▶ _Extracted records_
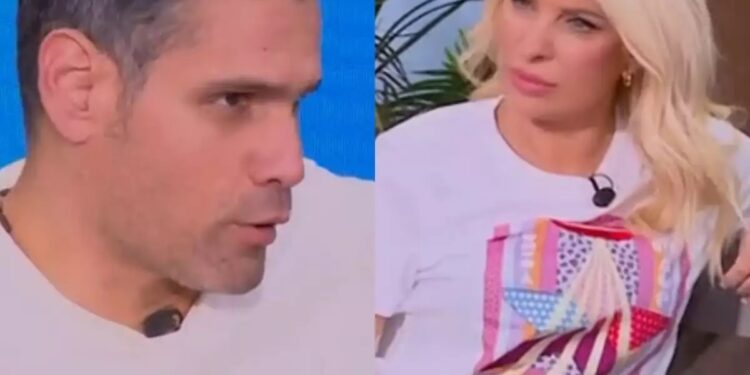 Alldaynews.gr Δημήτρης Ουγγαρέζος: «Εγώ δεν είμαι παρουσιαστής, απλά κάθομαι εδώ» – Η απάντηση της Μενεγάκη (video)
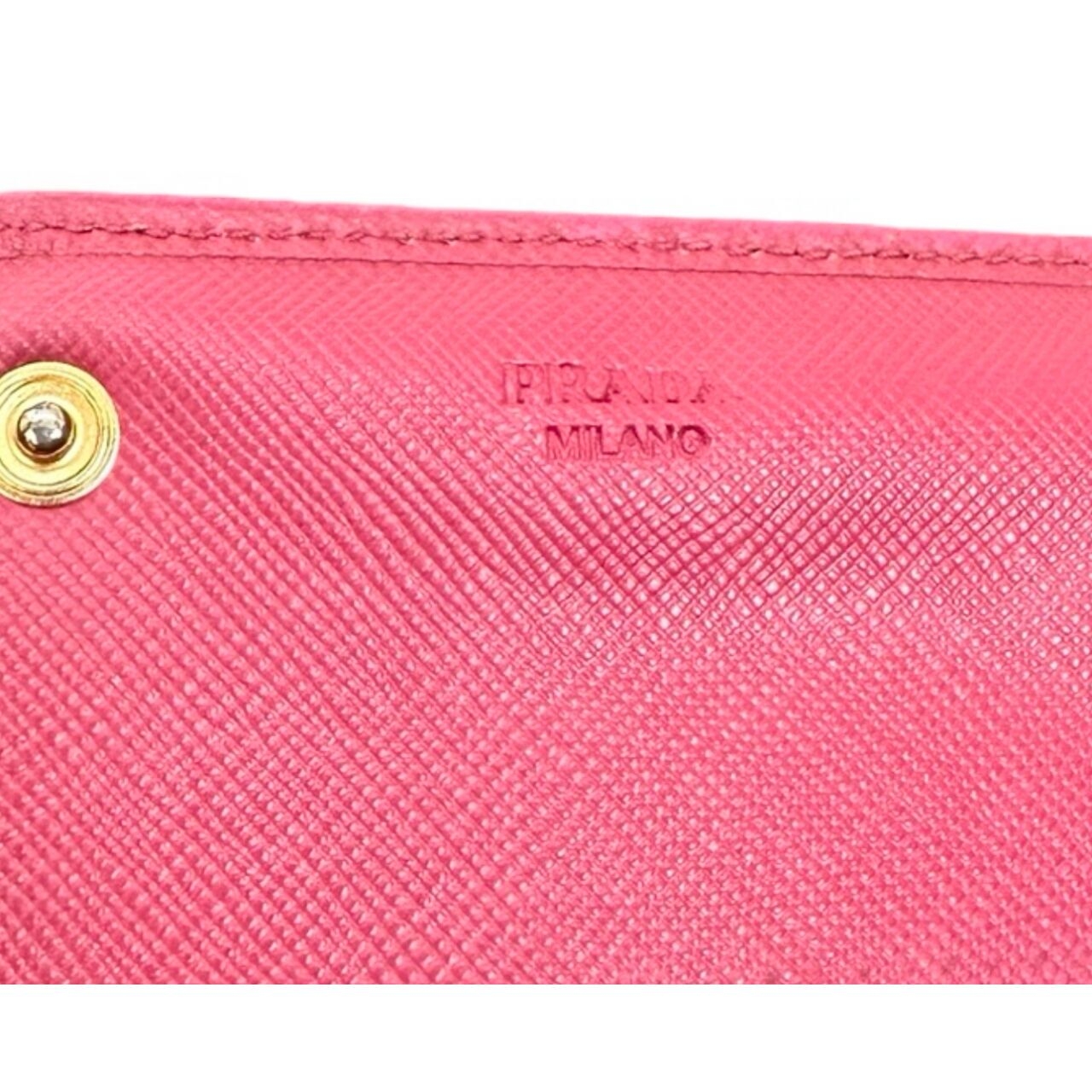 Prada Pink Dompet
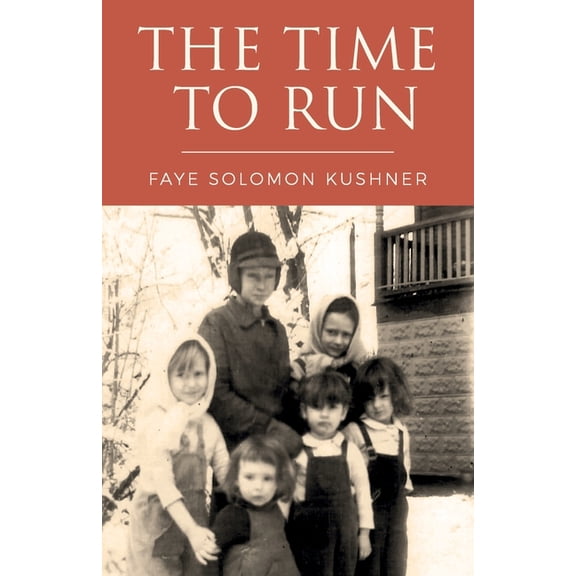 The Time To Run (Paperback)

* * *

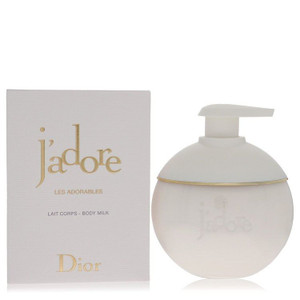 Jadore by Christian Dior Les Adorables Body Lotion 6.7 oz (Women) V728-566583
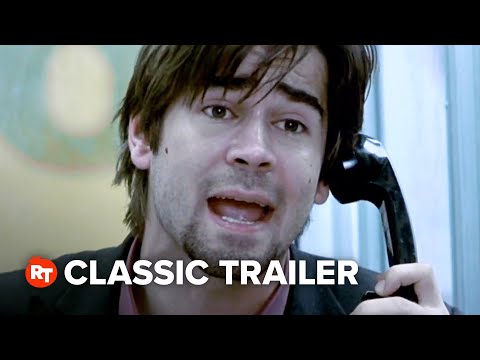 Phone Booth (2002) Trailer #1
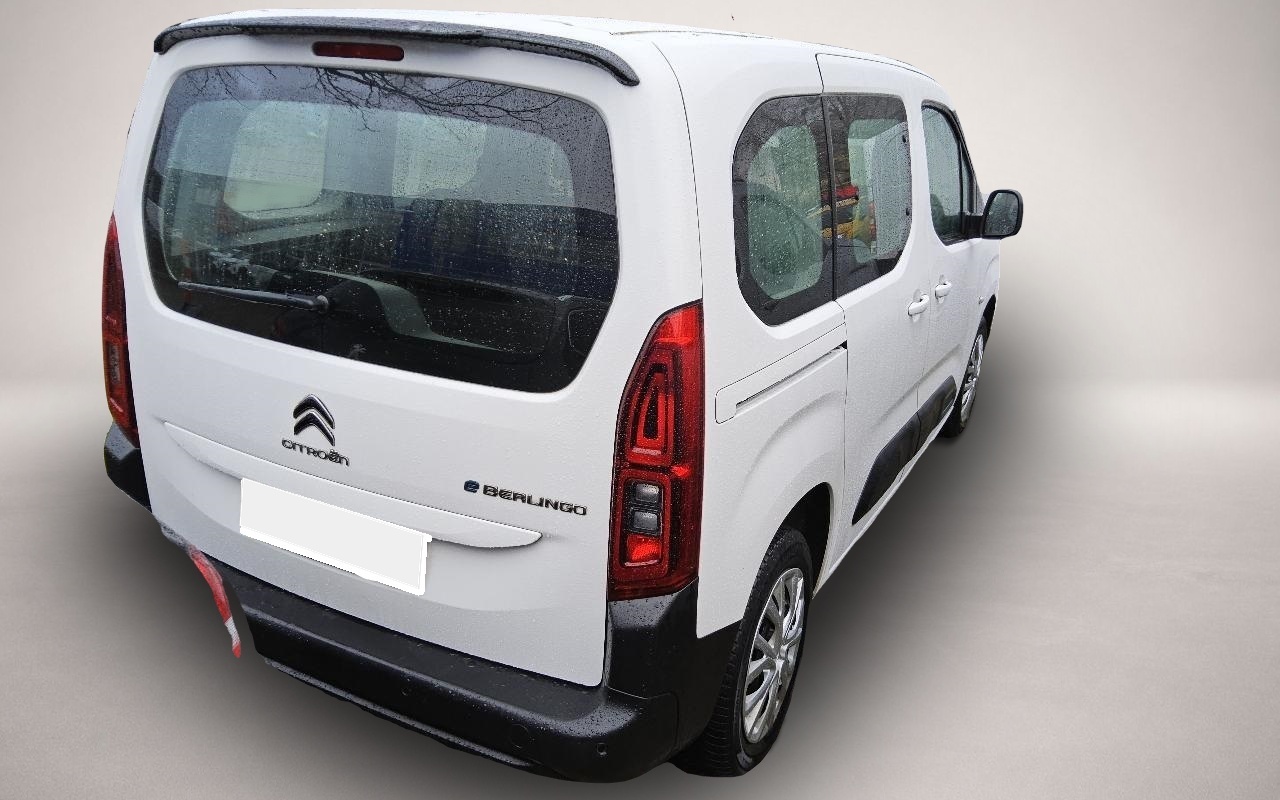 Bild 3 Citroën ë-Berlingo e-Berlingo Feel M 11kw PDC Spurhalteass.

▶ _Goal of the exercise_
Look above and copy only the lines from the one holding "της Μενεγάκη (video)" to the one holding "The Time To Run (Paperback)", both included, exactly, minus the pictures.

▶ _Answer to this task_
 Alldaynews.gr Δημήτρης Ουγγαρέζος: «Εγώ δεν είμαι παρουσιαστής, απλά κάθομαι εδώ» – Η απάντηση της Μενεγάκη (video)
 Prada Pink Dompet
 The Time To Run (Paperback)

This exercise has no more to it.